*Records for this exercise*.
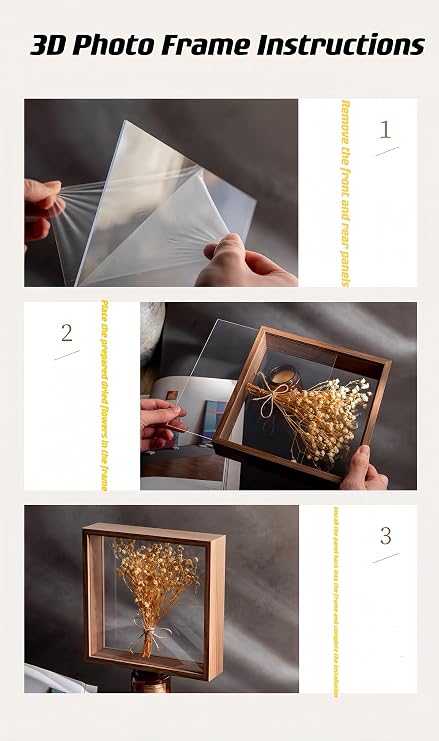 3D Picture Frame,22*22*6cm 3D Shadow Box, Desktop or WallHanging Wooden Deep Frame Display Box Personalised Photo Frames Gifts for Crafts, Anniversary, Photos, Flowers Display Frames-Log color
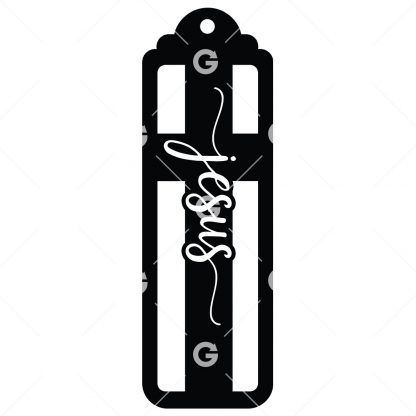 Bookmark template SVG design with a cross that reads "Jesus" and a tassel hole.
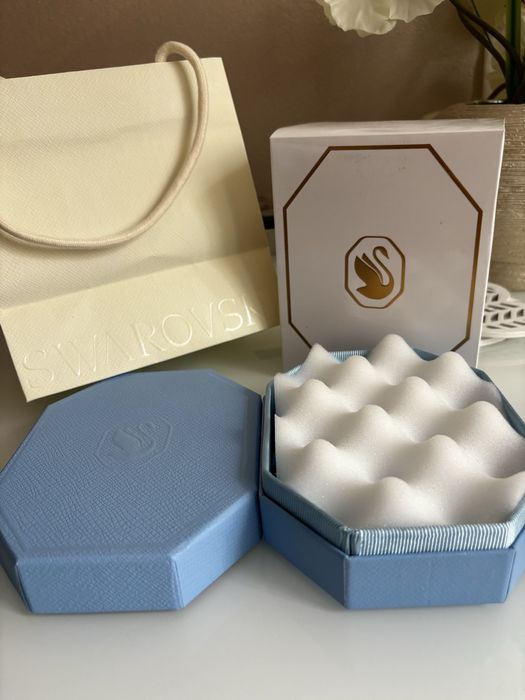 Colier/lanț angelic Swarovski argintiu în ambalajul nou baby blue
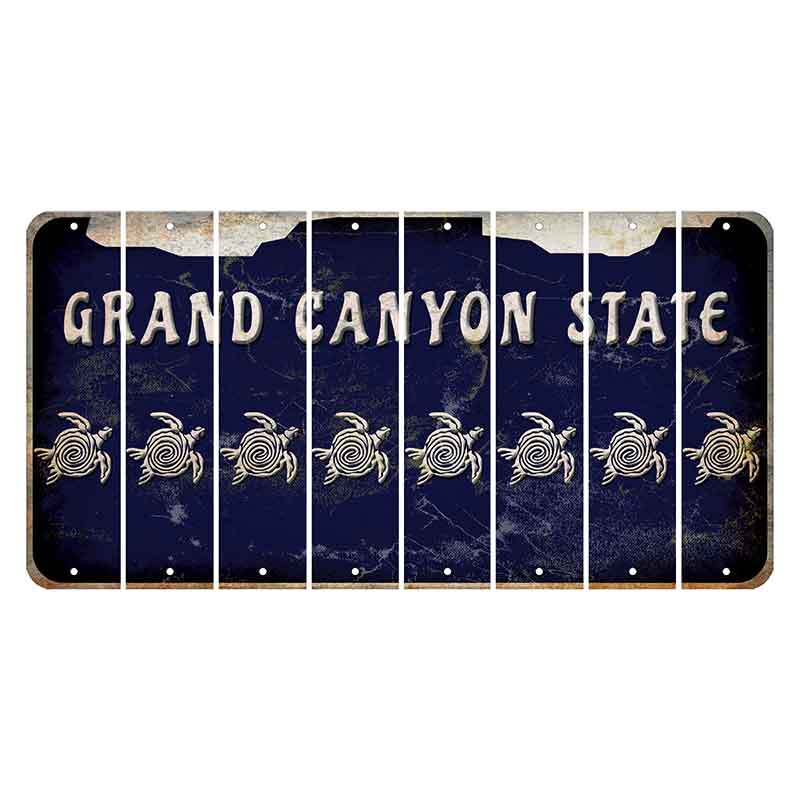 Arizona Navy Cut License Plate Strips (Set of 8) Sea Turtle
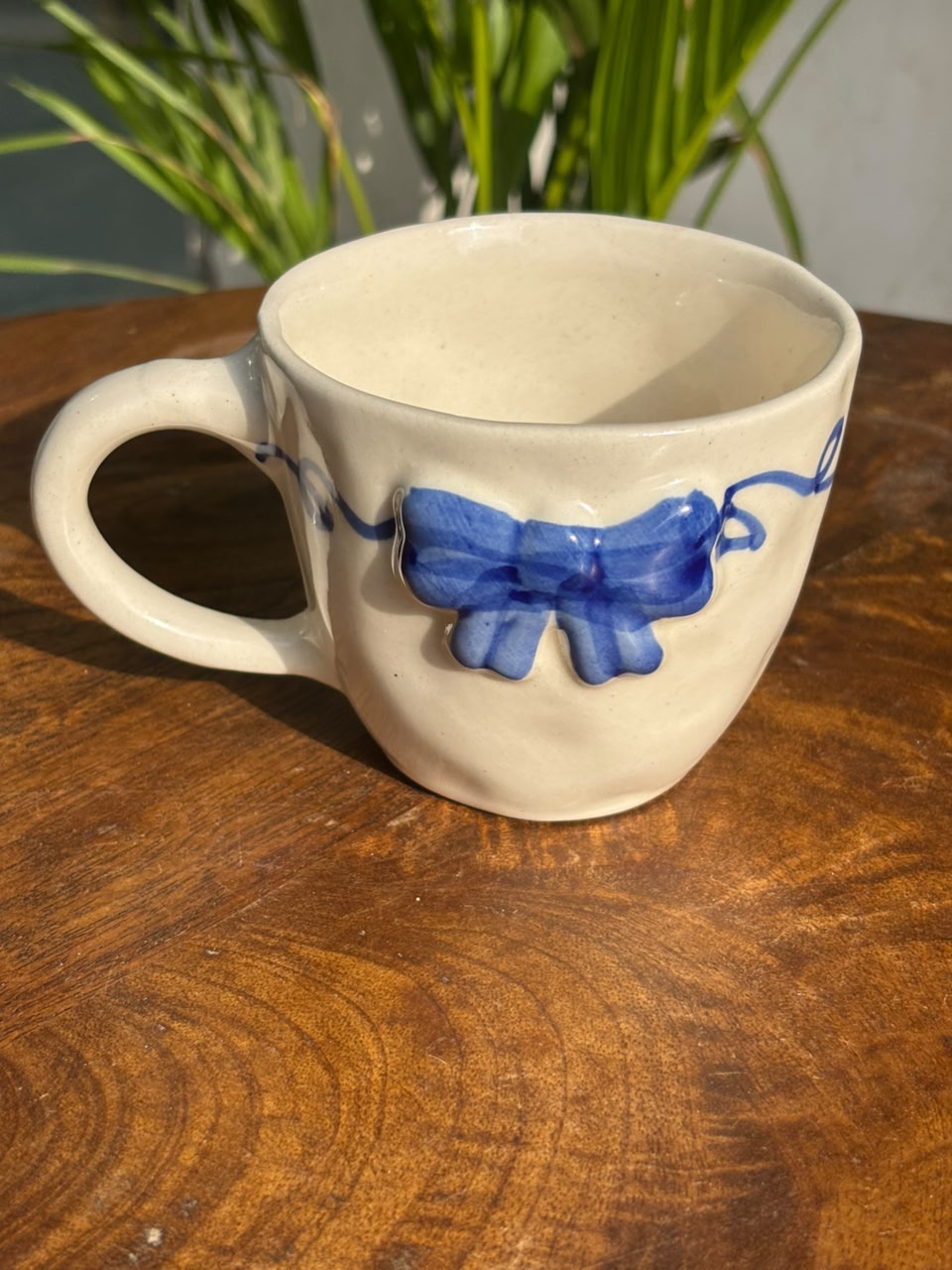 Blue Ribbon Swirl Ceramic Mug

*Problem to work on*. Give the records above again in full and exactly, but exclude every picture.

*Task output*.
 3D Picture Frame,22*22*6cm 3D Shadow Box, Desktop or WallHanging Wooden Deep Frame Display Box Personalised Photo Frames Gifts for Crafts, Anniversary, Photos, Flowers Display Frames-Log color
 Bookmark template SVG design with a cross that reads "Jesus" and a tassel hole.
 Colier/lanț angelic Swarovski argintiu în ambalajul nou baby blue
 Arizona Navy Cut License Plate Strips (Set of 8) Sea Turtle
 Blue Ribbon Swirl Ceramic Mug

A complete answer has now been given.